- Occupations: Lawyer, politician
- Political party: Republican

= Jennifer Wright (lawyer) =

American lawyer and politician

Jennifer Wright is an American lawyer and politician who served as an assistant Arizona attorney general from 2019 to 2023. She headed the attorney general's election integrity unit.

== Career ==
Wright did computer programing work for the city of Phoenix, Arizona and served as a director of technology for a financial services broker dealer. She conducted policy research for the Goldwater Institute and the Institute for Justice. In 2010, she worked for U.S. representative J. D. Hayworth.

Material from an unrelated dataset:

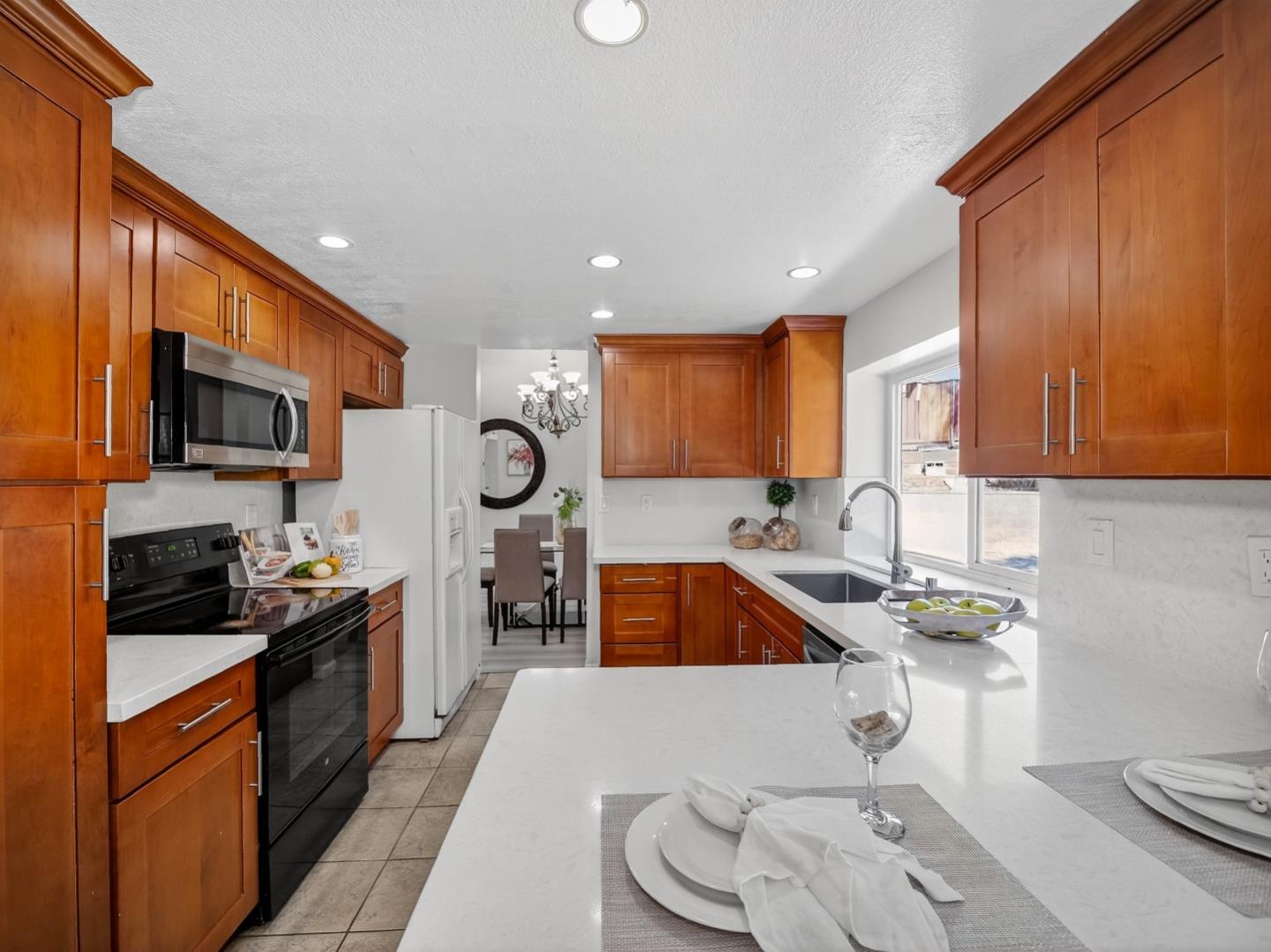 Detail Gallery Image 11 of 59 For 3237 Gateland Ct, San Jose,  CA 95148 - 6 Beds | 4 Baths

Wright was a Republican and Tea Party-affiliated candidate in the 2011 Phoenix mayoral election. Her candidacy was backed by the Arizona Freedom Alliance. She garnered 16,739 votes (11.85%) and fundraised approximately . During the 2012 election, Wright was a ballot security supervisor and she co-chaired Verify the Vote Arizona which is associated with True the Vote. In 2014, she managed election day operations.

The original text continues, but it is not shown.